**Action item**
Give back an exact copy of the lines in the records below, from the line that has "2019款新宝骏RM-5" through the line that has "Townhouse Oak Kodambakkam", and nothing besides.

**Given entries**

* * *

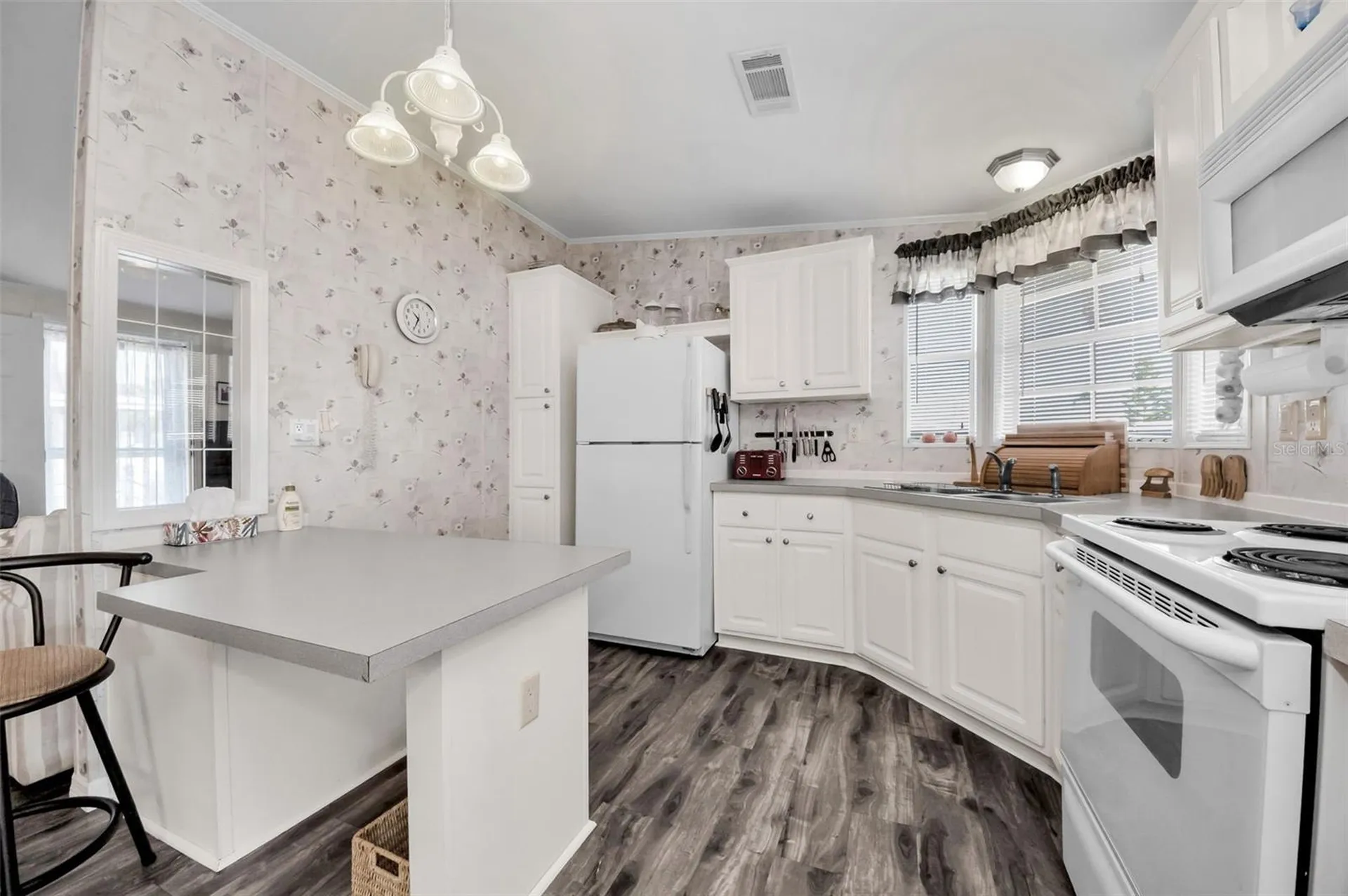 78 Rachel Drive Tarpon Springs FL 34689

* * *

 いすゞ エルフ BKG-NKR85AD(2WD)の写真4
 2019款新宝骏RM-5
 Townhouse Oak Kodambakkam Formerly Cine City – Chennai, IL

* * *

**Expected output**
 2019款新宝骏RM-5
 Townhouse Oak Kodambakkam Formerly Cine City – Chennai, IL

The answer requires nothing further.